The stakes are high: If Rodriguez is forced to vacate his seat, it could undermine his camp's reform agenda. His backers have defended his actions as those of a political novice who made “a rookie mistake.”

Had Rodriguez donated the $26,000 to his campaign under his own name, campaign finance law would have permitted it. 

Political consultants and campaign finance experts have speculated that Rodriguez may have funneled his campaign through straw donors to create the impression he had a broader base of support and therefore was a more viable candidate. As the headline of a recent Los Angeles Times story put it, “Why didn't school board president Ref Rodriguez just write himself a big check?”
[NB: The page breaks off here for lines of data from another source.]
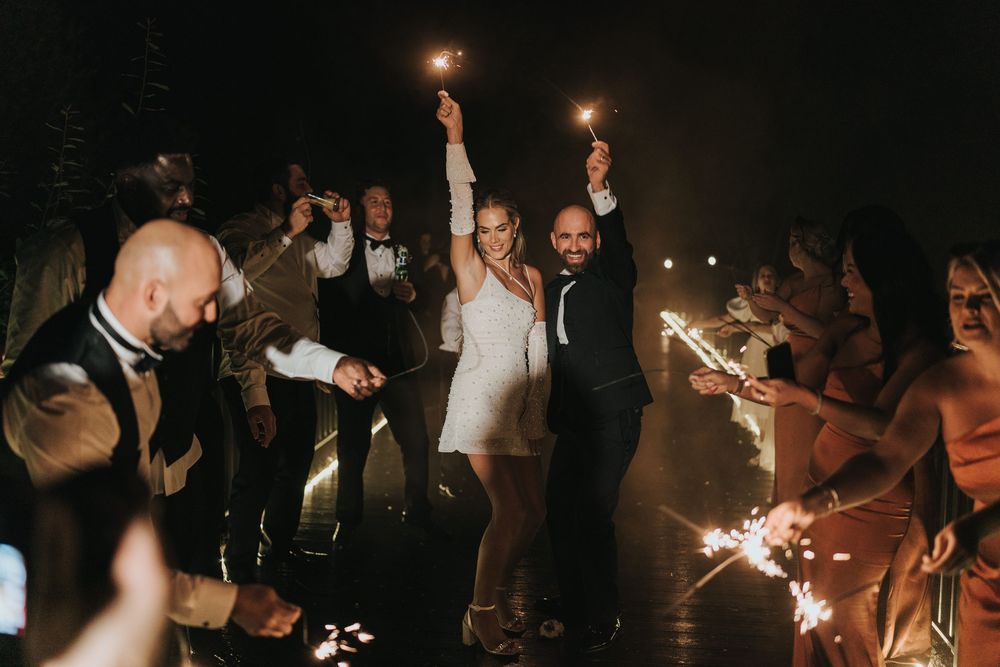 Wedding celebration at night with couple walking through sparklers held by guests at Grand Lodge Oaklands - taken by Grimsby photographer.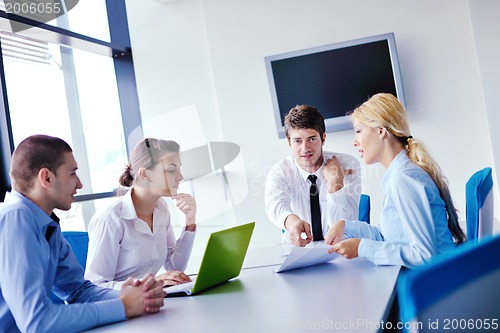 Image of business people in a meeting at office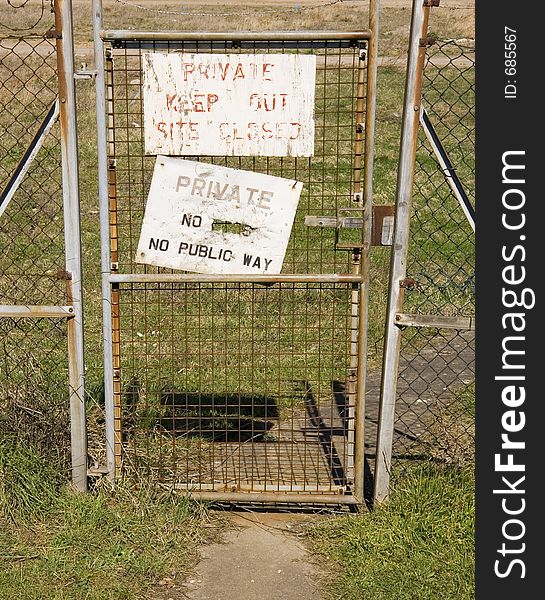 Private keep out sign on wire gate.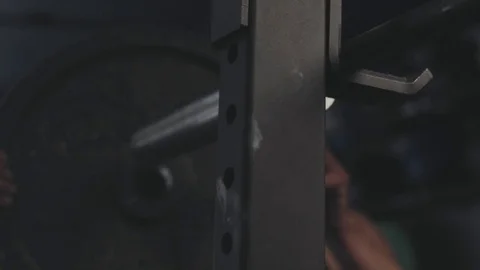 Weightlifter adding weight to bar Stock Footage 76724616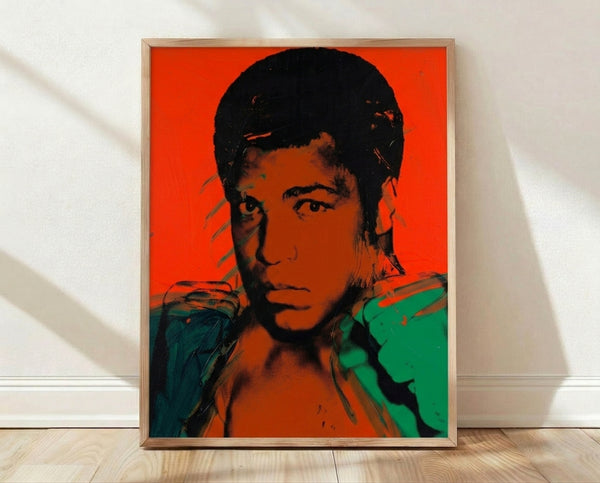 Pop art portrait of Muhammad Ali in vibrant color blocks and bold outlines, framed poster showcasing iconic Warhol-style graphic design.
But as reporters continue to pore over the campaign finance records at issue in the Rodriguez investigation, a third possibility has arisen: Maybe the money wasn’t his. That's what KPCC’s Adolfo Guzman-Lopez and Kyle Stokes explored in an investigative report published on Sept. 28.

Rodriguez has not commented on the charges against him. His lawyer Daniel Nixon did not respond to a request for an interview for this story. Greg Risling, a spokesman for the District Attorney's Office, declined to comment on the nature of the business interest mentioned in the complaint.

The KPCC reporters looked at gaps in Rodriguez’s campaign finance disclosures from the web of companies and organizations to which he was linked at the time of the alleged crimes. Rodriguez has had stakes in an investment fund for new charter schools, a merchandise and fundraising company, and a successful charter-school network.

Credit: Jason McGahan

Credit: Jason McGahan

Rodriguez is best known as the founder of Partnership to Uplift Communities, a network of 17 charter schools in L.A. But he omitted the $172,000 income from his duties as treasurer of the network when he filed a financial disclosure form in December 2014 as a candidate for school board. 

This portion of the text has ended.